W ostatni piątek ropa kosztowała po 50,88 dol. za baryłkę. W poniedziałek, 22 sierpnia, staniała do 50,22 dol. i w najbliższych dniach nie powinna drożeć, bo nie ma ku temu powodów. Wpływ impulsu spowodowany zapowiedzią wrześniowej konferencji producentów już się wyczerpał i mało kto wierzy, żeby rzeczywiście mogło podczas niej dojść do jakiegokolwiek porozumienia o ograniczeniu produkcji. Nie zamierzają jej zmniejszać ani Saudyjczycy, ani Irańczycy, ani Irakijczycy. Wprost przeciwnie – te trzy kraje członkowskie kartelu mówią cały czas o wzroście wydobycia. I konsekwentnie do niego drążą.
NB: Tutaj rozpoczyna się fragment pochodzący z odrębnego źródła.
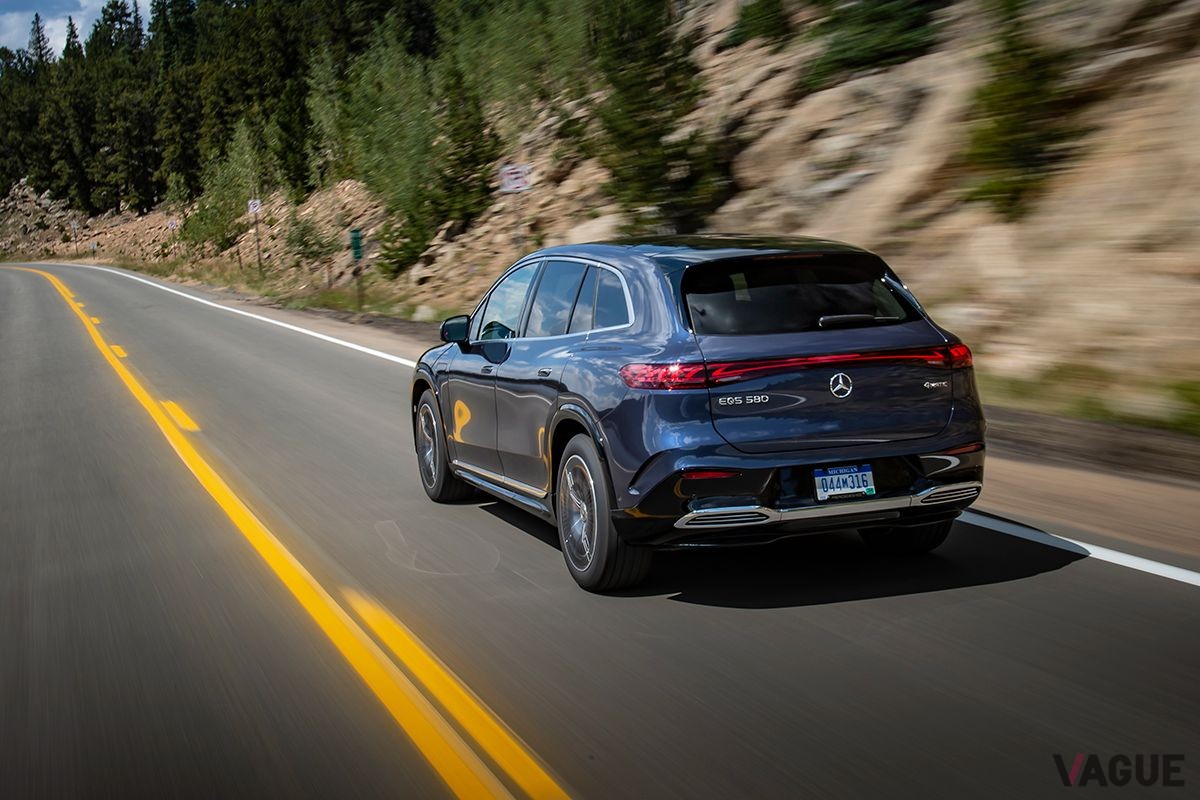 メルセデス・ベンツ新型「EQS SUV」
Rosnący eksport z Chin, większa podaż z Arabii Saudyjskiej, przybywające odwierty łupkowe w Stanach Zjednoczonych – to wszystko powody dla których ropa nie jest w stanie podrożeć więcej, niż do 50 dol. i kilkunastu centów. Najbardziej optymistyczne dla importerów informacje docierają z USA, gdzie zmieniła się technologia poszukiwania ropy łupkowej, a odwierty pionowe – droższe – zastąpiły tańsze – poziome.
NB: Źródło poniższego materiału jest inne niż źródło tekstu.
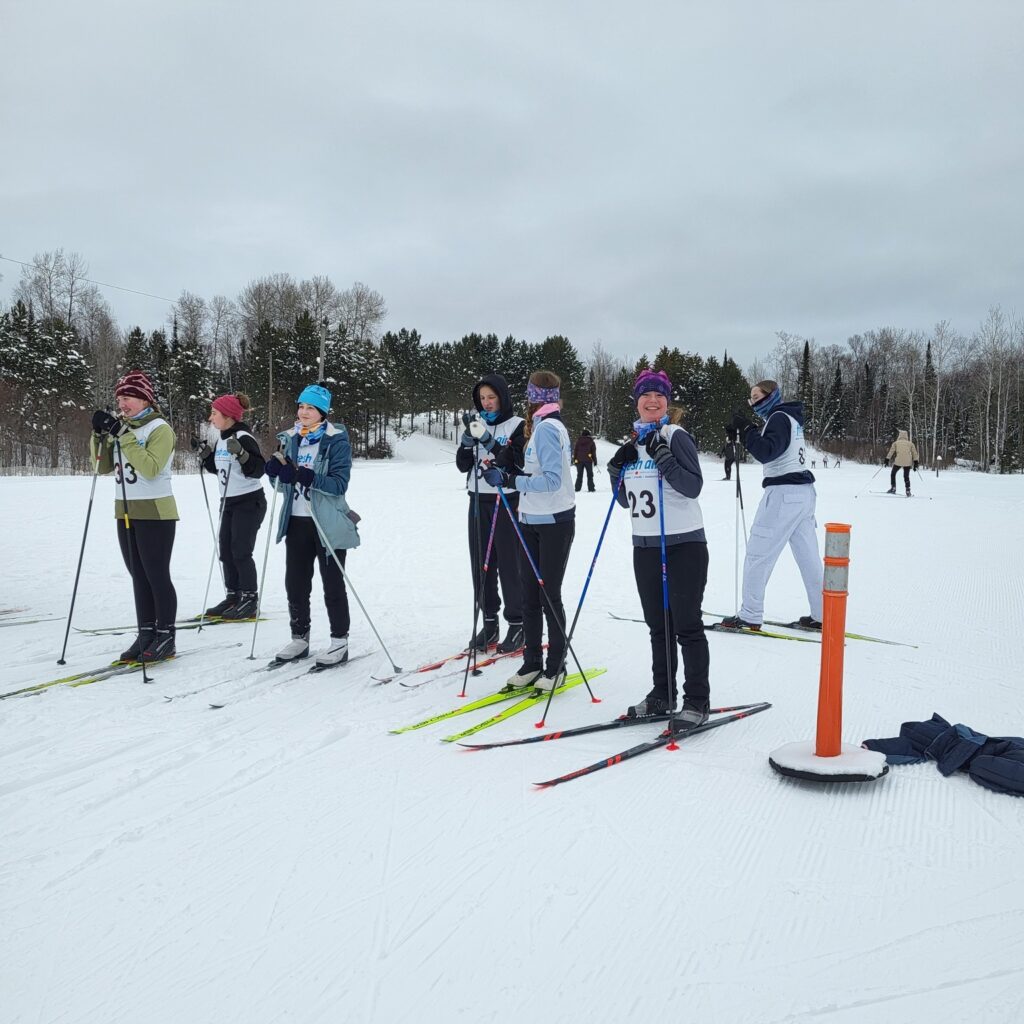 nordic-skiing-race-participants-waiting-to-ski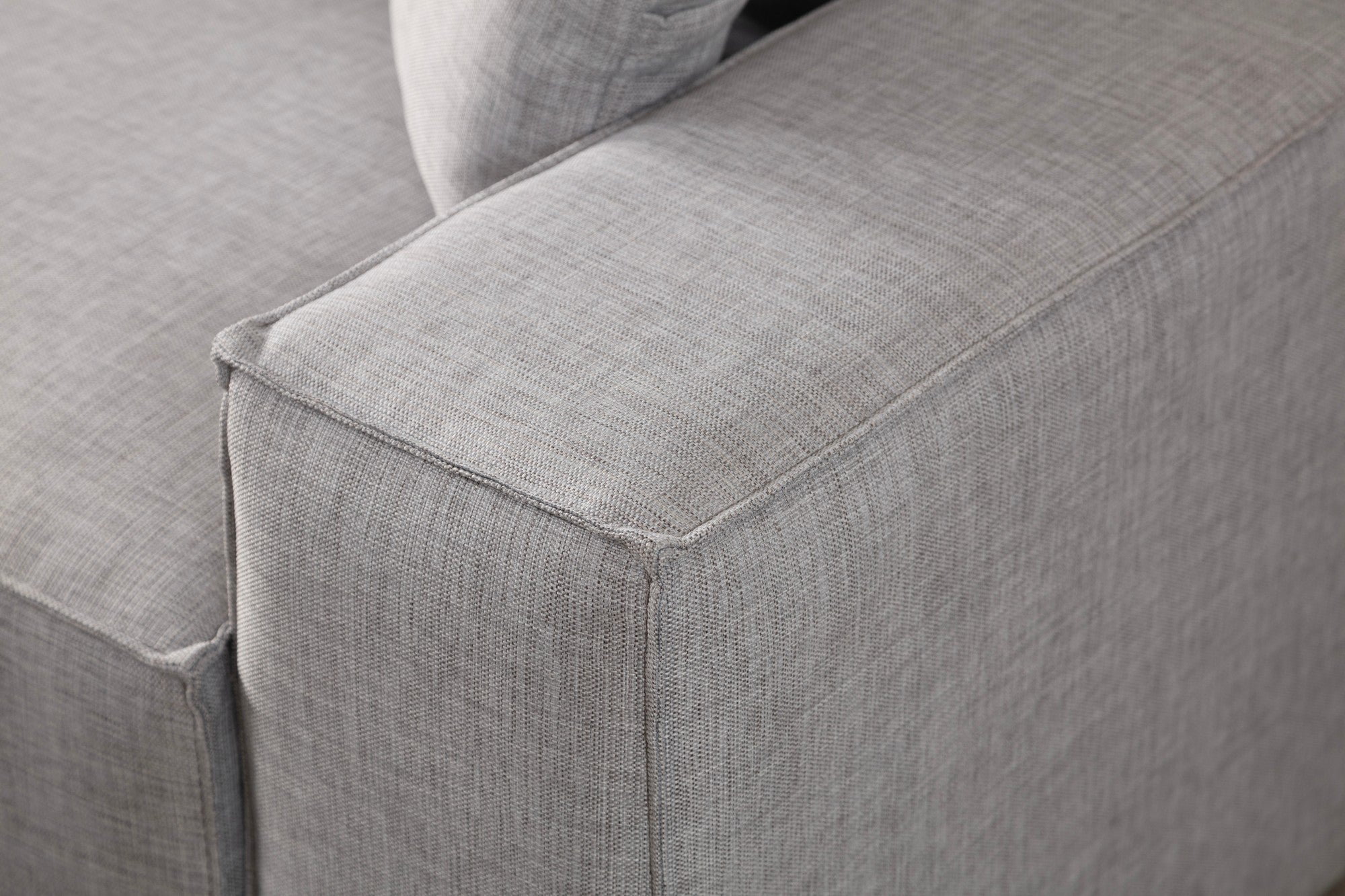 Sofá-cama de canto elegante, cinza claro, 260 cm | Estrutura em madeira de faia e aglomerado, 100% poliéster | Mecanismo deslizante, tecido lavável a seco, design moderno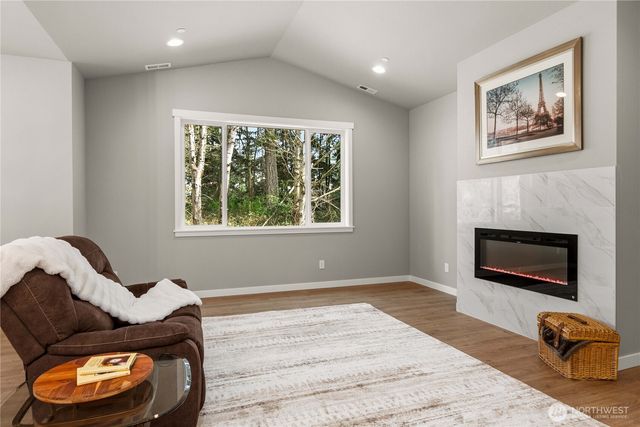 19601 95th Avenue Ct E, Graham, WA 98338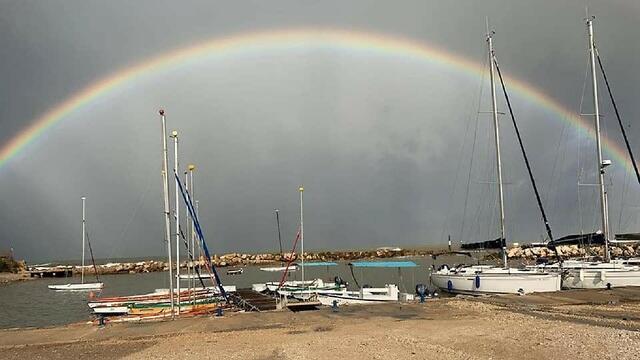 Радуга в Эмек-Хефер. Фото: Хен Элия (צילום: חן אליה) Радуга в Эмек-Хефер. Фото: Хен Элия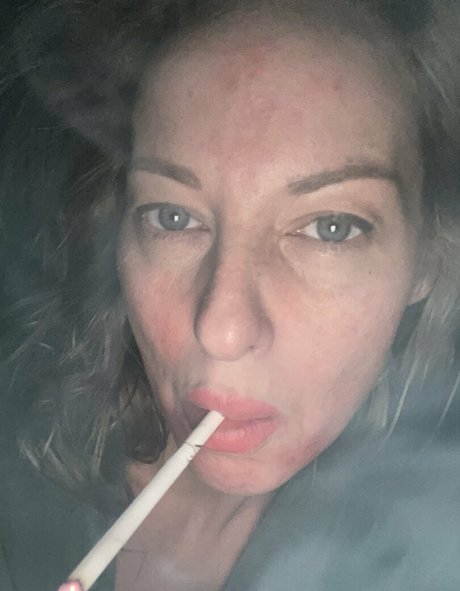 Foto di nudo di fuga di OnlyFans di Smokingqueenalina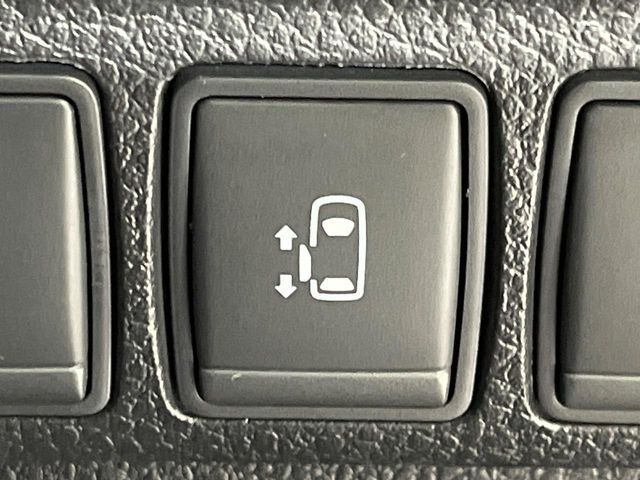 NISSAN ELGRAND  4WD 2016 Image 31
Zdaniem analityków najniższe ceny ropy – mieszczące się w widełkach 20-30 dol. za baryłkę – mamy już za sobą. Ich efektem było drastyczne cięcie inwestycji w branży. Nie ma jednak wątpliwości, że ostatnie podwyżki cen, poza spekulacją, nie mają żadnego uzasadnienia.
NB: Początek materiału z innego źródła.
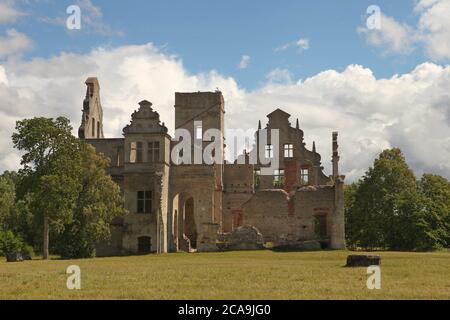 Neobarocke Bauruine des Landgutes Ungru, Estland. burg ungru in Estland. Verlassene Kalkstein Gebäude Architektur. Stockfoto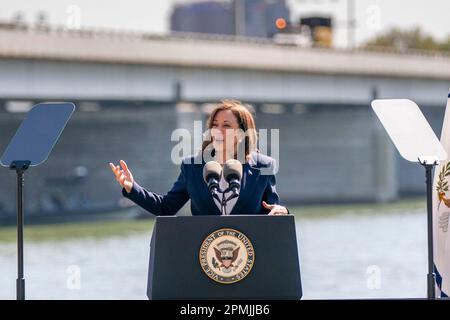 US-Vizepräsident Kamala Harris hält Vorträge auf einer Veranstaltung „Investing in America“ in Washington, DC, USA. 13. April 2023. $72 Millionen US-Dollar wurden für die Modernisierung des vierspurigen, 395 km nördlich gelegenen Abschnitts der 14. Brücke bereitgestellt. Die 73 Jahre alte Brücke ist für mehr als 88.000 Fahrzeuge pro Tag ausgelegt und erfordert ständige Reparaturen. Kredit: Abaca Press/Alamy Live News Stockfoto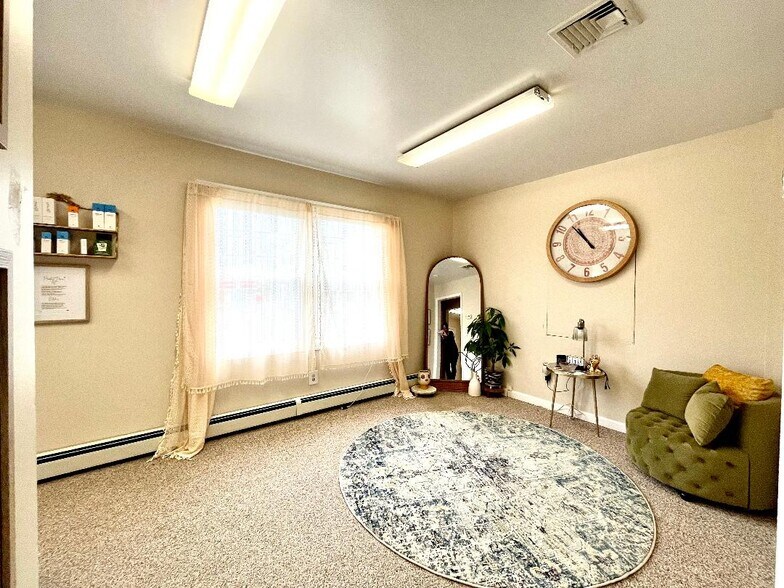 More Photos Of 366 Herbertsville Rd, Brick Medical For Lease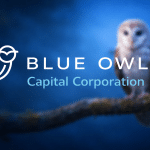 SKN | מניית Blue Owl צונחת ב-10%: האם עצירת פדיונות היא אות האזהרה הראשון בשוק האשראי הפרטי?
Wiadomo, że coraz więcej ropy będzie w USA, że Irak w ciągu kilku najbliższych dni zwiększy wydobycie o przynajmniej 150 tys. baryłek dziennie, ponieważ zostanie przywrócona eksploatacja na polach Baba Gorgor, Jambour i Chabbaz w Kirkuku. Obecnie eksport iracki sięga 3,71 mln baryłek dziennie, ale część rurociągów, którymi jest przesyłana ropa jest kontrolowana przez Regionalny Rząd Kurdyjski, który np. w marcu wstrzymał przesył, ponieważ narodowy iracki koncern naftowy – NOC zalegał z opłatami.
Irakijczycy eksportowali więcej ropy przed konfliktem z Państwem Islamskim, które zajęło część roponośnych terenów. Teraz jednak Irak, który jest 2. co do wielkości eksporterem ropy w OPEC, chce powrócić do wydobycia w wysokości 4,78 mln baryłek ropy dziennie.